Ok we moved to our new house a year ago. Our neighbors are a little strange (Im sure they think the same of us). They are only 21 and have an almost 3 year old little girl. They are on and off again relationship wise...the wife dissapears every now and then. Anyway...we've tried to be nice...but they show some 21 year old behaviors and are really getting on our nerves. The husband revs up his big exhaust on his truck and 4-wheeler thing and revs up his driveway just to check the mail. The wife has repeatedly run over our grass (in between our driveways...their property ends on their driveway...so we own everything in between) and made big ruts in our grass while it was muddy. Their stupid little Boston Terrier runs loose all the time and barks at our dogs and horses and craps in my perrenial garden. And now the husband decided to clear 15 ft over our property line...so now we can see their house from the whole back of our pasture. I don't want to see their house...I don't want to see them...that's why I moved to the country. We don't want to get legal issues involved because thats so American to sue at the drop of the hat. So now WE have to spend money to build a fence there where they killed all our "security brush" or plant new trees there. UGGH! Ok thats my rant....anyone ever dealt with encroaching neighbors and got them to stop without being rude?


----------



## Sixxofdiamonds (May 7, 2009)

Aye, I'm sorry you're having neighbor issues.

Mine is the same, but opposite. I'm 22 and my husband is 23 and our neighbors crap keeps ending up in our yard, they've torn the yard up, and they are loud, obnoxious and annoying. I can't see their house from my house exactly. They're in their late forties.

The "security brush" issue would have irked me the most. I like my privacy, too. So if somebody cut it all down. Man.


Have you talked to them to see if they were aware they cut down all the trees on YOUR property?


----------



## hotreddun (Jun 27, 2008)

Sixxofdiamonds said:


> Aye, I'm sorry you're having neighbor issues.
> 
> Mine is the same, but opposite. I'm 22 and my husband is 23 and our neighbors crap keeps ending up in our yard, they've torn the yard up, and they are loud, obnoxious and annoying. I can't see their house from my house exactly. They're in their late forties.
> 
> ...


That's true...I shouldn't have brought in the age issue. You can be irresponsible and rude at any age.  Well to his credit the husband said he was going to clear his area. And asked if we minded if he went "a little" over the property line. So we just should have defined "a little." Because to us it meant maybe a foot....not 15-20 feet.
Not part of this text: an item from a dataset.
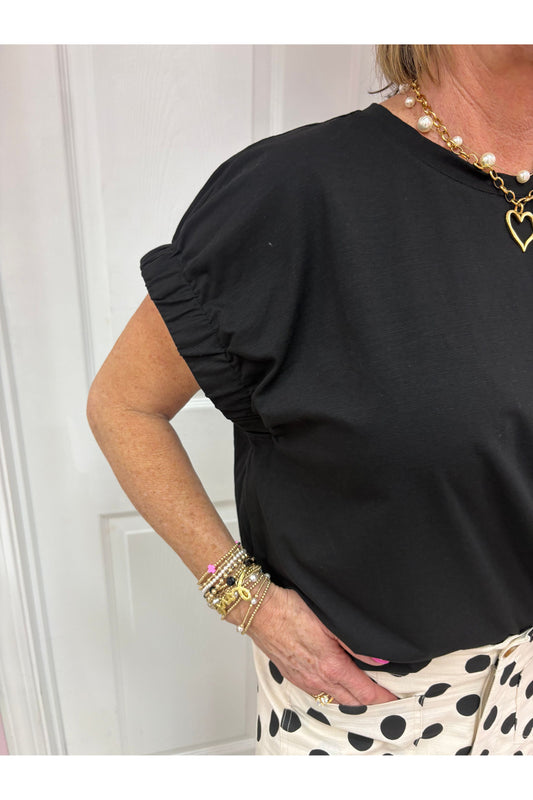 Nina Black Short Sleeve Blouse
My husband is going to go over there again tonight and we are going to give them a copy of our land survey to show them what's theirs. Maybe they just don't know.


----------



## my2geldings (Feb 18, 2008)

hotreddun said:


> Ok we moved to our new house a year ago. Our neighbors are a little strange (Im sure they think the same of us). They are only 21 and have an almost 3 year old little girl. They are on and off again relationship wise...the wife dissapears every now and then. Anyway...we've tried to be nice...but they show some 21 year old behaviors and are really getting on our nerves. The husband revs up his big exhaust on his truck and 4-wheeler thing and revs up his driveway just to check the mail. The wife has repeatedly run over our grass (in between our driveways...their property ends on their driveway...so we own everything in between) and made big ruts in our grass while it was muddy. Their stupid little Boston Terrier runs loose all the time and barks at our dogs and horses and craps in my perrenial garden. And now the husband decided to clear 15 ft over our property line...so now we can see their house from the whole back of our pasture. I don't want to see their house...I don't want to see them...that's why I moved to the country. We don't want to get legal issues involved because thats so American to sue at the drop of the hat. So now WE have to spend money to build a fence there where they killed all our "security brush" or plant new trees there. UGGH! Ok thats my rant....anyone ever dealt with encroaching neighbors and got them to stop without being rude?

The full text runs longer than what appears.